OOS 9-4 - Monitoring two million trees through extreme drought shows size determines survival

Tuesday, August 13, 2019: 2:30 PM
M107, Kentucky International Convention Center
Atticus Stovall, NASA Goddard Space Flight Center, Greenbelt, MD, Hank Shugart, Department of Environmental Sciences, University of Virginia, Charlottesville, VA and Xi Yang, Department of Environmental Sciences, University of Virginia, Charlottesvle, VA
Background/Question/Methods

Forests are dying at an unprecedented rate due to climate change. Accelerated tree mortality poses a significant threat to numerous ecological, economic, and social benefits that forests provide. In California alone, over 129 million trees have died since 2010 due to prolonged drought and heat. Mounting evidence points to increased risk of mortality in large trees during extreme drought, a logical consequence of the physiology of taller trees.

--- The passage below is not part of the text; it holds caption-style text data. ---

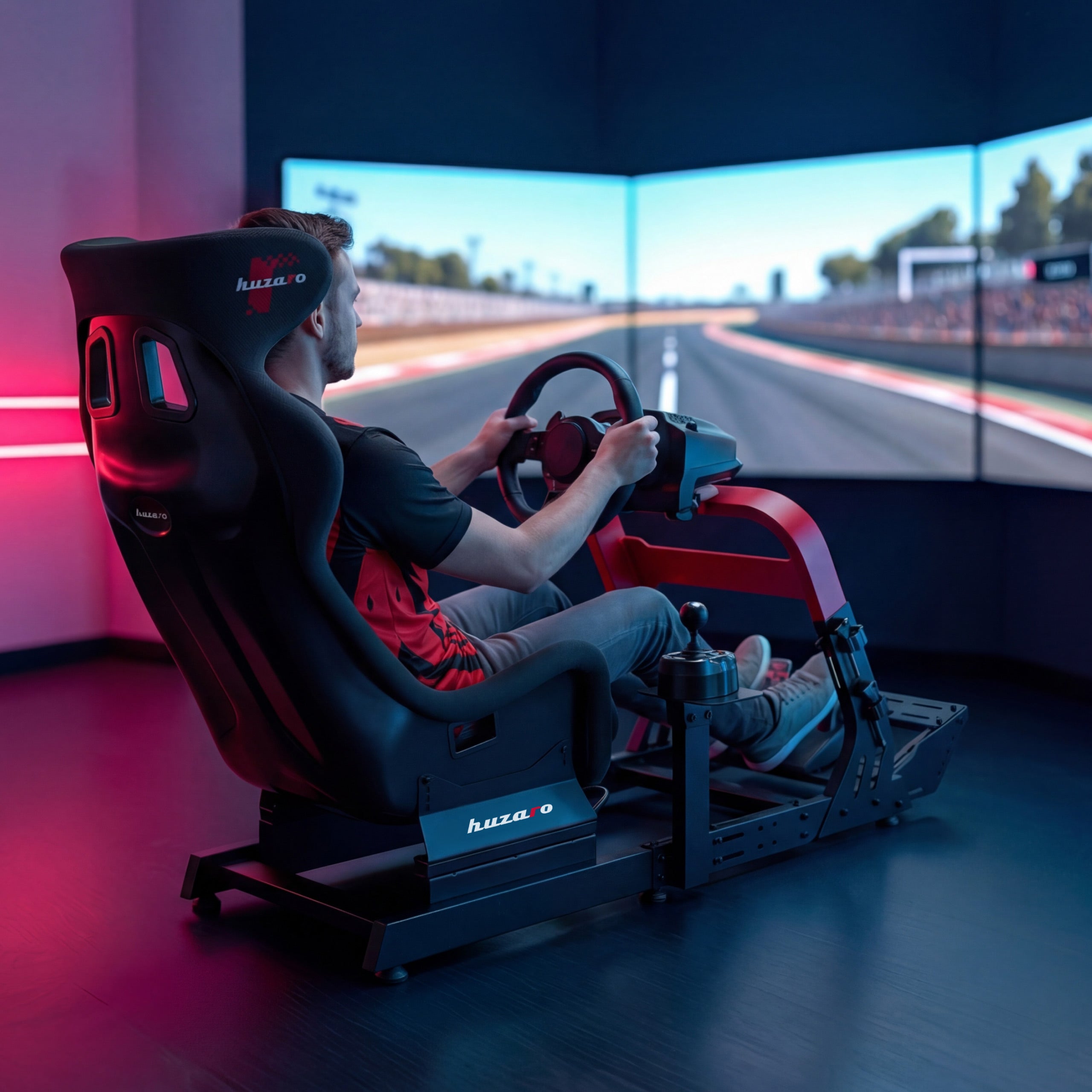 Lenktynių simuliatoriaus kokpitas Huzaro Speed 8.3 sim racing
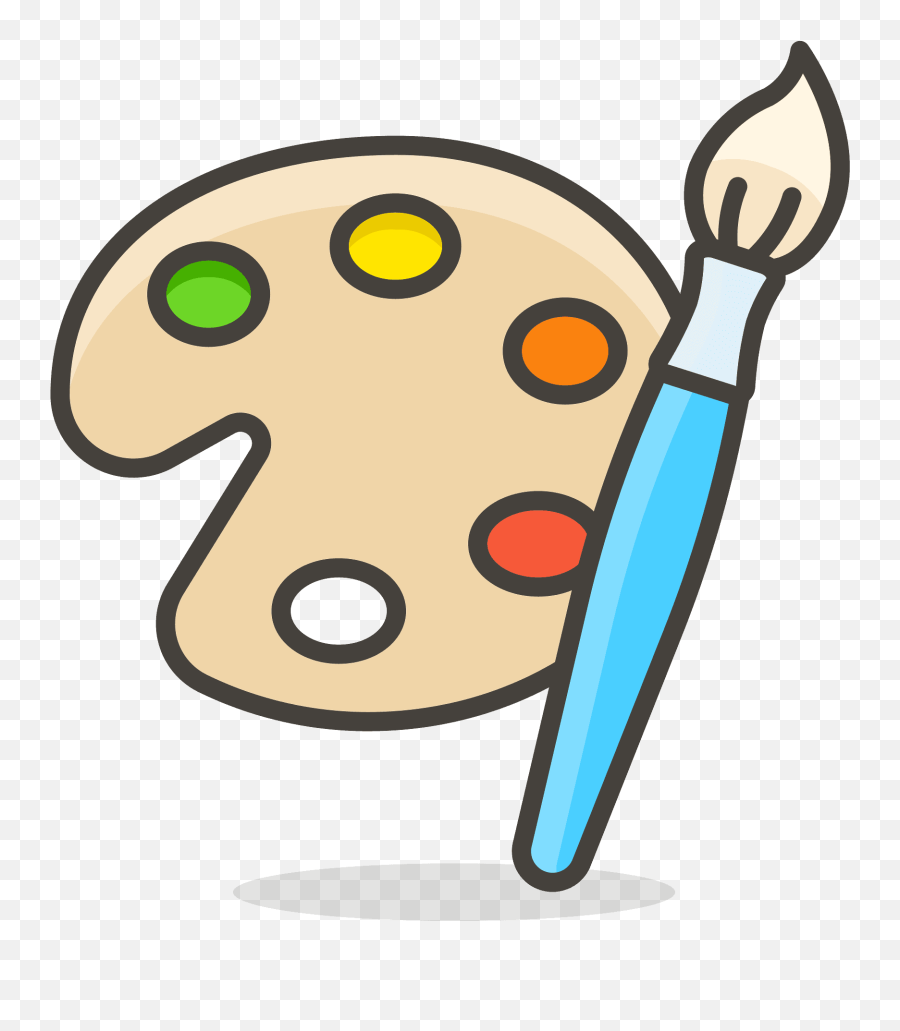 Artist Palette Emoji Clipart Free Download Transparent Png - Paint Palette Drawing,Paint Palette Clipart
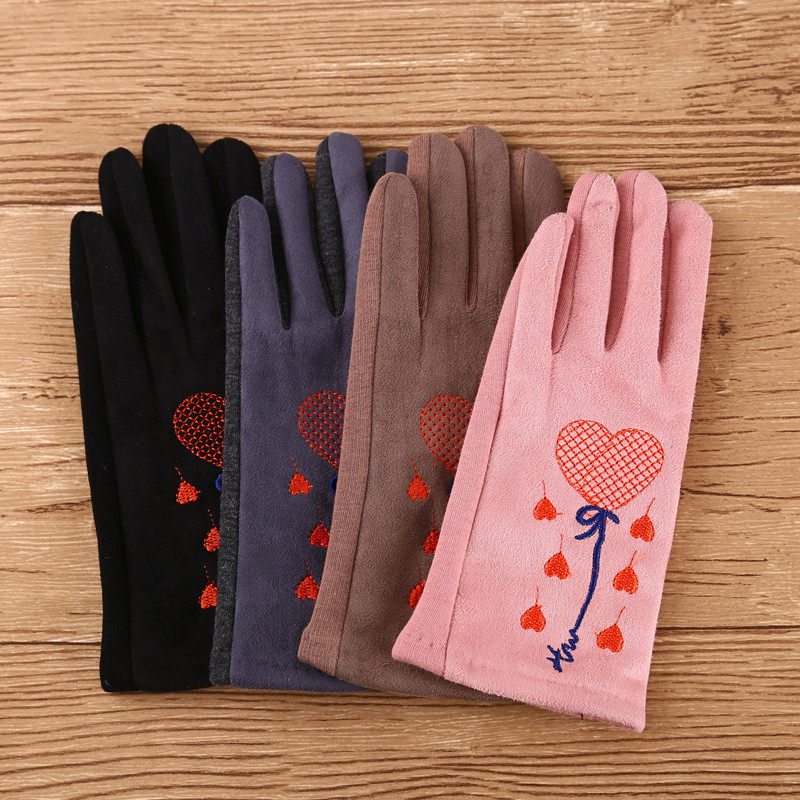 中大童麂皮绒手套女学生秋冬季韩版可爱爱心触屏加绒加厚保暖包邮
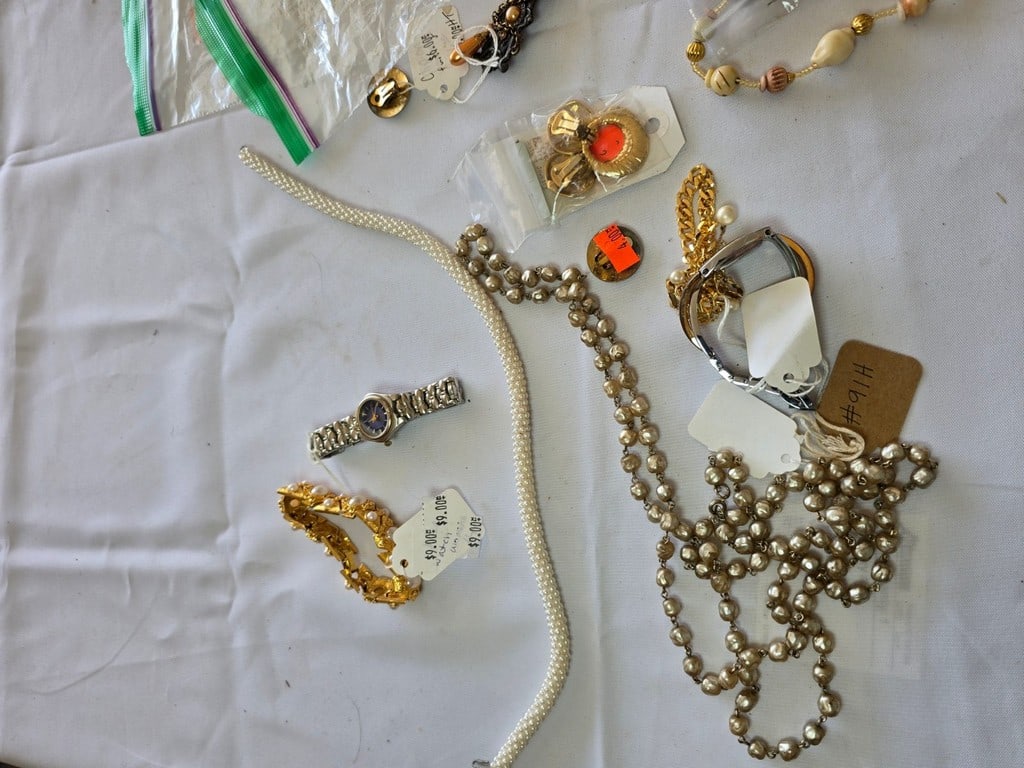 Collection of Vintage and Costume Jewelry with Wicker Basket - 2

Much of the previous work is either theoretical or requires globally aggregated data to draw significant conclusions. By sampling ~2 million trees in California and tracking rates of mortality over 8 years, we have developed extensive empirical evidence identifying tree height as the single greatest predictor of mortality during extreme drought.

Results/Conclusions

Our temporal analysis shows 740,273 trees died in the 40,854 ha study area over eight years (41% mortality). Large trees die at over double the rate of small trees (20 % yr-1 and 7% yr-1, respectively). Testing biophysical, climatological, soil, and topographic variables, tree height emerges as the dominant driver of tree mortality under drought. The intensity of the height-mortality relationship is strongly mediated by environmental gradients. Under the high-frequency and duration extreme droughts predicted over the next century, we anticipate a widespread mortality of the largest trees on earth.